Our transcriptome analysis revealed that only ∼4% of the expressed protein-coding genes were misregulated in PABPN1–depleted cells. While the mechanism by which PABPN1 controls – directly or indirectly – the expression of specific protein-coding genes remains to be determined, such mRNA-specific regulation is apparently not associated to the recently described role of PABPN1 as a regulator of polyadenylation site decision [16], [45]. Indeed, we found no significant overlap between the set of genes controlled by PABPN1 at the level of 3′ end processing [16], [45] and the genes identified in our study that showed increased and decreased mRNA levels in PABPN1–depleted cells. This absence of overlap is consistent with the view that PABPN1–dependent control of polyadenylation site decision primarily affects microRNA-mediated translational regulation of targeted genes, rather than mRNA turnover [16]. Accordingly, Jenal et al. [16] found no change in the stability (i.e. expression) of several mRNAs (short and long isoforms) that showed a strong shift in polyadenylation site usage in conditions of PABPN1 deficiency. Consistent with these results, we also observed a tendency for 3′ UTR shortening for a subset of genes that have been shown to present a switch in poly(A) site usage upon depletion of PABPN1 [16], and found no significant changes in mRNA levels as measured by RNA-seq and by independent qRT-PCR assays (Figure S10). Thus, although alternative polyadenylation site usage can affect mRNA turnover, this does not appear to be necessarily the case for genes targeted by PABPN1. It should also be noted that previous works [16], [45] used sequencing technologies specifically developed to map the 3′ end of transcripts, which are not well suited to measure overall mRNA expression [46]. Our approach, on the other hand, is devised to accurately measure changes in gene expression [46]. Therefore, the two approaches should be regarded as complementary, since the aspects of gene expression and mRNA 3′ end processing studied are different.

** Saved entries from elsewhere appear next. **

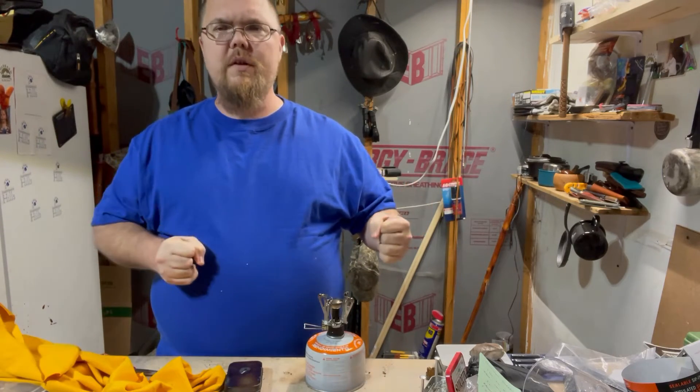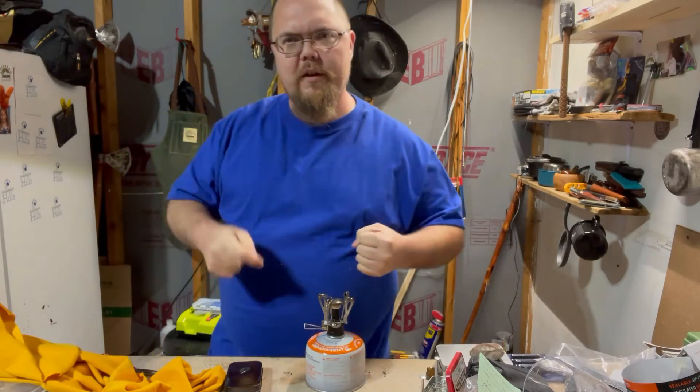Real quick thing — reuse the stuff that you have around you, don't just throw it out. I'll catch you guys later.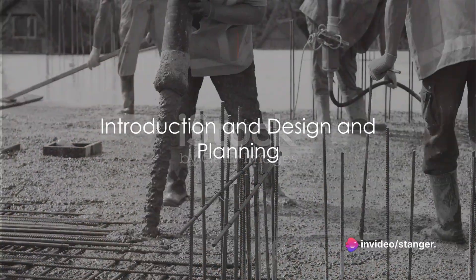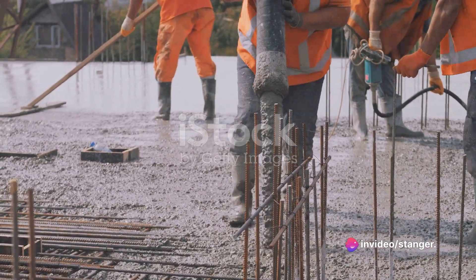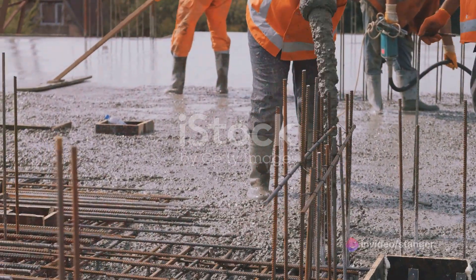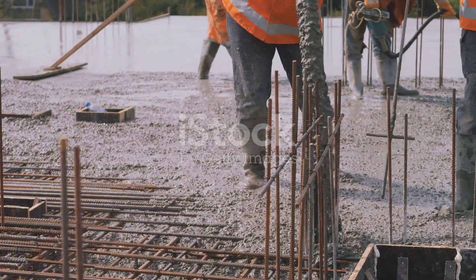Ever wondered how a building stands tall and sturdy? It's all thanks to a process known as formwork installation, an integral part of the construction process. Today we'll delve into how this process unfolds, breaking it down into simple digestible steps.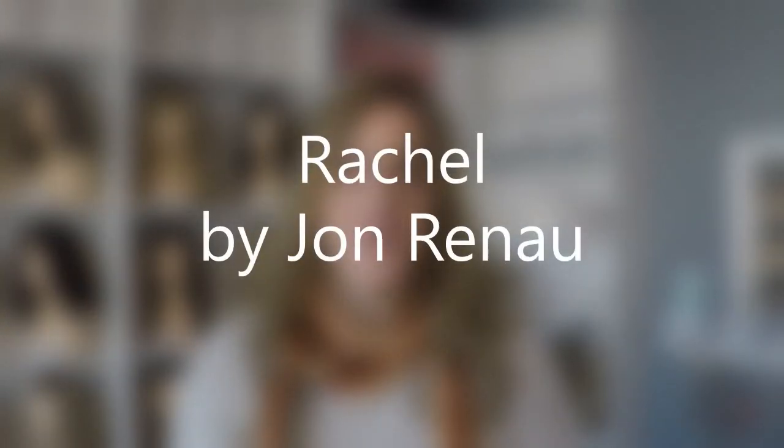Hey everybody, it's Margaret out of Thorpe, Wisconsin. I do not have a wig review video for you today, but what I do have is a wig to talk about. It can be a review if you want to look at it that way, but what I'm trying to do here is to show what this wig looks like after it has been worn.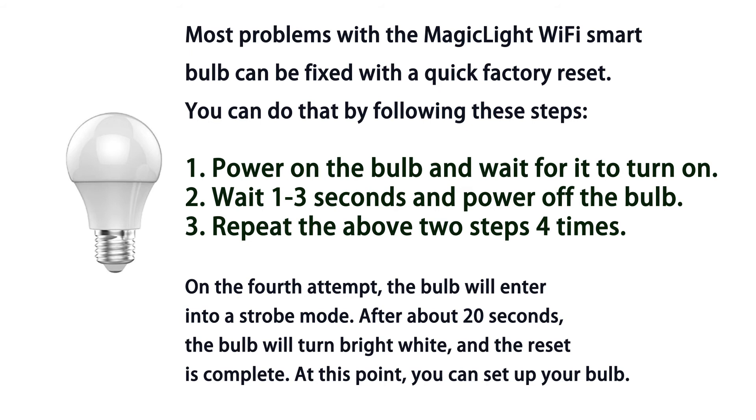If that happens, you will need to factory reset your bulb. Simply turn your bulb on and off four times. Your bulb will start to strobe when it has successfully been reset.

A function for PABPN1 in the control of lncRNA expression

A surprising finding from the analysis of our RNA sequencing results was the impact of PABPN1 deficiency on the human noncoding transcriptome. Accordingly, our analysis revealed that a significant proportion (∼16%) of the expressed long noncoding (lnc) RNA genes were misregulated in PABPN1–deficient cells. Notably, the majority (78%) of lncRNAs misregulated in PABPN1–deficient cells showed increased expression, a result that supports a more prominent role for PABPN1 in the negative control of lncRNA expression. The past few years have seen increasing interest in the identification and characterization of mammalian lncRNAs [25], [47]. lncRNAs have been shown to play key roles in different biological processes, acting via interactions with chromatin-modifying complexes [48], [49], [50], competing with mRNAs for microRNA binding sites [51], [52], [53], [54], [55], facilitating the recruitment of RNA degradation pathways [56], and acting as decoy for specific transcription [57] and splicing factors [58]. Yet, despite substantial progress into the functional characterization of lncRNAs, little is known about mechanisms that control their expression. Data from transcriptome profiles indicate that human lncRNAs are expressed in a highly tissue-specific manner [26], [59]. This observation suggests that mechanisms controlling lncRNA expression will significantly contribute to their functional diversity, allowing select lncRNAs to function in specialized tissues and cell types. Posttranscriptional gene regulation will likely be important to control the expression of mammalian lncRNAs, as demonstrated by the extensive range of decay kinetics recently determined for a large number of mouse lncRNAs [60]. Our study thus extends these recent reports by revealing a new pathway that controls human lncRNA turnover. Given the challenge of annotating lncRNA genes coupled to their tissue-specific nature, we speculate that the number of PABPN1–regulated lncRNAs identified in this study represents an underestimate.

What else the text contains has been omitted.